Ogni volta che concepiamo l’idea dello spazio, risaliamo dunque, inconsciamente, dalla prima alla terza dimensione.

“Nelle illusioni ambigue, (…) il cervello interpreta la stessa immagine in due modi diversi, e le due interpretazioni risultano mutuamente esclusive. E’ possibile vedere l’una o l’altra delle due possibili immagini, ma non tutte e due allo stesso tempo. Queste cosiddette figure ambigue sono uno strumento particolarmente efficace per dissociare la percezione soggettiva dal mondo fisico. L’oggetto fisico non cambia affatto, eppure la nostra percezione oscilla fra due o più interpretazioni possibili”.
(Mente & cervello, n. 72, dicembre 2010, anno VIII, p. 26)

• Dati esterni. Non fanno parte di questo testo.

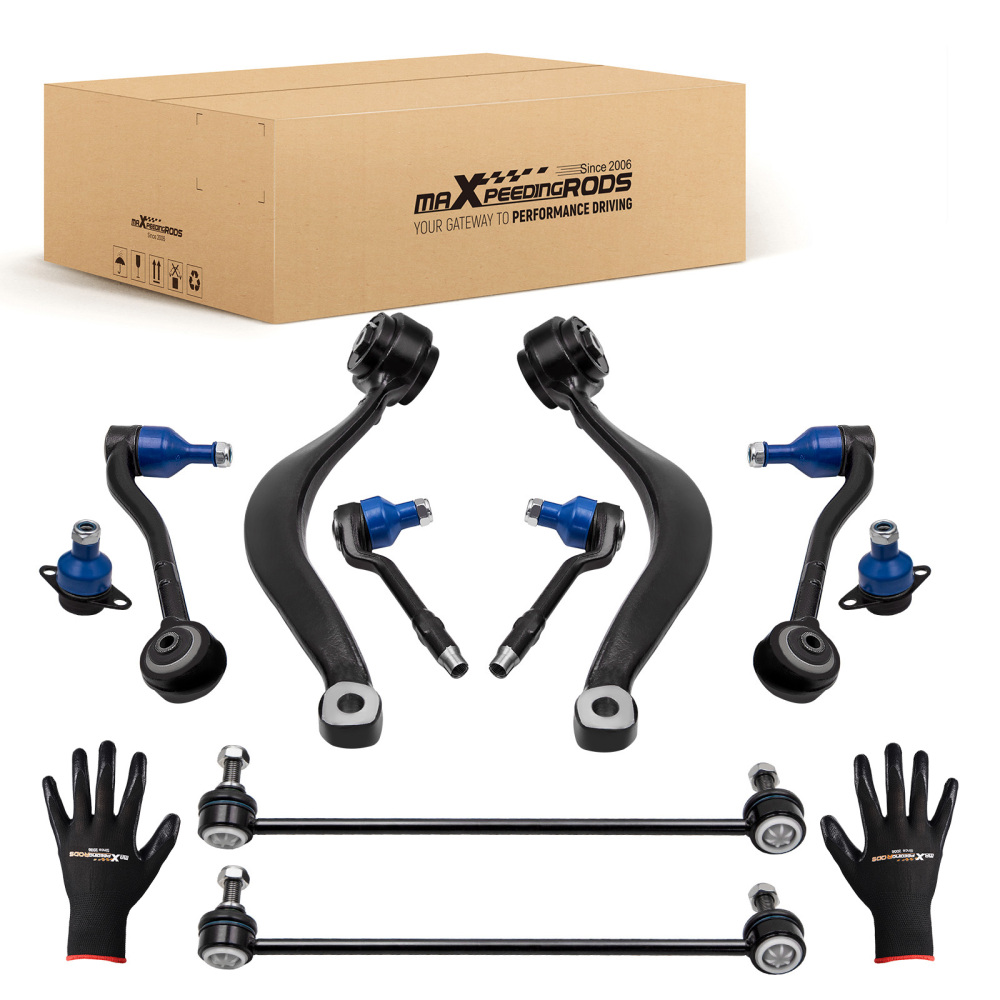 FRONT LOWER WISHBONE CONTROL ARM SUSPENSION SET compatible for BMW X5 E53 2000-2006 10PCS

“La figura è quella che è, e gli stimoli che raggiungono gli occhi sono sempre gli stessi. Siamo noi che, muovendo il pensare, giudichiamo tali stimoli una volta come “vaso”, l’altra come “due profili”, o viceversa. Siamo noi, insomma, che portiamo incontro ai medesimi stimoli due concetti diversi; questi generano poi due diverse rappresentazioni che, proiettate all’esterno, si traducono in due diverse immagini percettive (…) Un’unica figura contiene tanto il vaso che i due profili. Il pensare non può però produrre, a un tempo, due concetti diversi (…) Se si fa una cosa non se ne può fare simultaneamente un’altra”.
(L.Russo: Dialoghi sulla libertà (3) , 25 aprile 2009)

Riguardo a quanto afferma Mente & cervello, una curiosità: dal momento che non possono avere natura materiale, altrimenti li patiremmo al pari di quelli renali o biliari, quale natura avranno allora i “calcoli neurali”?